# Anyone hear of cleair aquatics Before?



## vmette (Sep 28, 2011)

So I got a cleair aquatics tank and it seem the filtration system won't keep up with the tank
If I put more the 4 small fish and a 4 inch parrot in the 80 gallon tank everything seems to crash even 
If it is only 1 more fish everything goes to crap and I have tested my tank 4 times a week did regular water changes
And everything I can but at least 1 fish will die when I add a new one 
Anyone have any reviews on these tanks?


----------



## Jousters (Jan 16, 2014)

I think they are a local company.I have seen them at King Eds before.I am not sure how the filteration works on them.It would best to post your paremeters and pictures.I am guessing the filter can't handle the bio load or tank is not cycled.I have not done saltwater in awhile but a lot of the members can help you out before you spend a fortune on livestock.


----------



## April (Apr 21, 2010)

It's a China tank creation with a rebranding name. Most likely were all imported from alibaba.
Add a sponge filter and add some
Live bacteria every day for 7 days. See if thst gets it going . 

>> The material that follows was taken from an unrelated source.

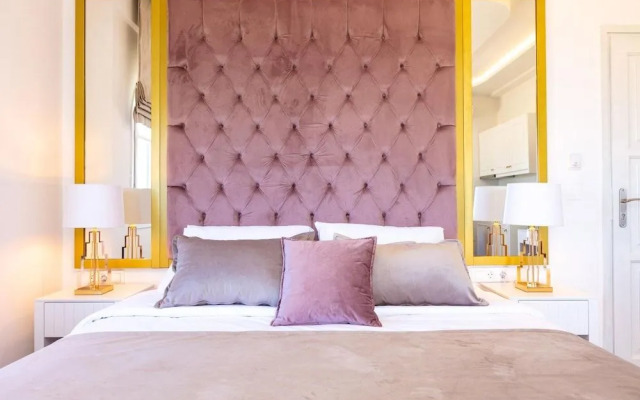 Pinelopi Beach Suites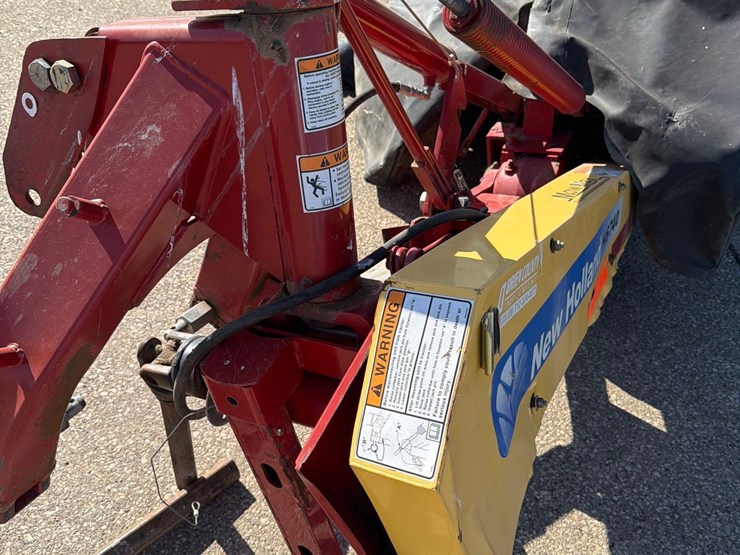 2013-new-holland-h6740-image-20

Sent from my iPhone using Tapatalk


----------



## AquaAddict (Dec 4, 2010)

It is very tricky to get the right combination of fish for any tank set up. Your parrot could be culprit. We need all water parameters and names of fish, order you put them into the tank, whether or not you quarranteened them, and anything else you have done in order to troubleshoot your problems.

AquaAddict


----------



## datfish (Sep 7, 2012)

Do you have the sump tank or the overhead filtration tank?


----------



## vmette (Sep 28, 2011)

Alright I'll get all the parameters for it , and it's an over head filtration


----------



## vmette (Sep 28, 2011)

PH-7.2
Nitrate NO3-0ppm
Nitrite-0ppm
Ammonia-0ppm
Tank is usually 77-79 
I got 2 gold barbs 1"
1 pleco 4"
1 parrot 4"
2 hatchet fish 1" 
Prior to this new tank I had 2 fish die in 6 years as soon as
I switched to this tank my Baka shark who was 6 years old died
My other Baka who was 3 years old died
And my parrot fish who is 6 years old luckily survived everything 
I haven't had problems at all until I set this tank up
And I made sure to do everything properly so there
Was a less of a chance of loosing anything but it's been 
Problem after problem with this tank


----------



## Dietmar (Dec 15, 2011)

Did you buy this tank new?


----------



## vmette (Sep 28, 2011)

Tank was set up as a display tank never had fish in it only water and was only up for 2 weeks


----------



## outsider (Jan 13, 2015)

I think I saw it in IPU and a store in Aberdeen sqaure, I can't say they are good tank or not but personally I don't like it.

Anyway

Live plants always helps. Not sure what type of light does the tank have, but I can't image you do high demanding plants with that type of tank. You probably have to go with really low light low tech plants like Java fern and Crypts. (And they will grow really really slow.)


----------



## vmette (Sep 28, 2011)

They have LED blue and red I need to switch them out but everything is connected through the light which sucks but I'll try and add more plants in there and see


----------



## datfish (Sep 7, 2012)

vmette said:


> Alright I'll get all the parameters for it , and it's an over head filtration


I was never really a fan of the overhead filtration on Cleair tanks. Are you using the media that usually comes with the Cleair tanks?


----------



## datfish (Sep 7, 2012)

outsider said:


> I think I saw it in IPU and a store in Aberdeen sqaure, I can't say they are good tank or not but personally I don't like it.
> 
> Anyway
> 
> Live plants always helps. Not sure what type of light does the tank have, but I can't image you do high demanding plants with that type of tank. You probably have to go with really low light low tech plants like Java fern and Crypts. (And they will grow really really slow.)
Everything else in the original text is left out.